Brief -
Each line from the line containing "Technologia gastronomiczna część" through the last line of the entries is to be reproduced exactly as it stands.

Available records -
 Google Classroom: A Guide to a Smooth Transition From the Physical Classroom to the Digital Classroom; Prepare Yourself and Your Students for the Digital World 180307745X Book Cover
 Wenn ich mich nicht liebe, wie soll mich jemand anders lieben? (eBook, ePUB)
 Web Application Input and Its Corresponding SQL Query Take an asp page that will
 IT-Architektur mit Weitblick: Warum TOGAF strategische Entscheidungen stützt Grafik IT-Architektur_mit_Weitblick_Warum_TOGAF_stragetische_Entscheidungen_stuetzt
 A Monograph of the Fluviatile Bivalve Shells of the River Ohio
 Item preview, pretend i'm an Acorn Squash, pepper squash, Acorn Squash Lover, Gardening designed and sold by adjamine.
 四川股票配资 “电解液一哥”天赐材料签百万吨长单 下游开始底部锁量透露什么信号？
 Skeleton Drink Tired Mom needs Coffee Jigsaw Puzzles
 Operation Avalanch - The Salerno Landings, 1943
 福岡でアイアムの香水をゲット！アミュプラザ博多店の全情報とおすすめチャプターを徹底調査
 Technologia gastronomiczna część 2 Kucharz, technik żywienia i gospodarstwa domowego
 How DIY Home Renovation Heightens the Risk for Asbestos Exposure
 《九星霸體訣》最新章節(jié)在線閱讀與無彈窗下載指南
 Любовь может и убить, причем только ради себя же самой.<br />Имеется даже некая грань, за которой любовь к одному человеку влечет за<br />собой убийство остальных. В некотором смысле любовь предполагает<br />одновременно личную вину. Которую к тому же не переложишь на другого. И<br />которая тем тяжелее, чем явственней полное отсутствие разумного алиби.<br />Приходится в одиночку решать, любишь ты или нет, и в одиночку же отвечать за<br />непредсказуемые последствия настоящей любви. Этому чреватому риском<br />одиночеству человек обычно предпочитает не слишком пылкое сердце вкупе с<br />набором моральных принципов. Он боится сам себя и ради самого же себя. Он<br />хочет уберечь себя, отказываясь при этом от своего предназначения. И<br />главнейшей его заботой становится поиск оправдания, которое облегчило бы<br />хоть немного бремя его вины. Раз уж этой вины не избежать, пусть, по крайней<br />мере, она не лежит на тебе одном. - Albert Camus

Reply -
 Technologia gastronomiczna część 2 Kucharz, technik żywienia i gospodarstwa domowego
 How DIY Home Renovation Heightens the Risk for Asbestos Exposure
 《九星霸體訣》最新章節(jié)在線閱讀與無彈窗下載指南
 Любовь может и убить, причем только ради себя же самой.<br />Имеется даже некая грань, за которой любовь к одному человеку влечет за<br />собой убийство остальных. В некотором смысле любовь предполагает<br />одновременно личную вину. Которую к тому же не переложишь на другого. И<br />которая тем тяжелее, чем явственней полное отсутствие разумного алиби.<br />Приходится в одиночку решать, любишь ты или нет, и в одиночку же отвечать за<br />непредсказуемые последствия настоящей любви. Этому чреватому риском<br />одиночеству человек обычно предпочитает не слишком пылкое сердце вкупе с<br />набором моральных принципов. Он боится сам себя и ради самого же себя. Он<br />хочет уберечь себя, отказываясь при этом от своего предназначения. И<br />главнейшей его заботой становится поиск оправдания, которое облегчило бы<br />хоть немного бремя его вины. Раз уж этой вины не избежать, пусть, по крайней<br />мере, она не лежит на тебе одном. - Albert Camus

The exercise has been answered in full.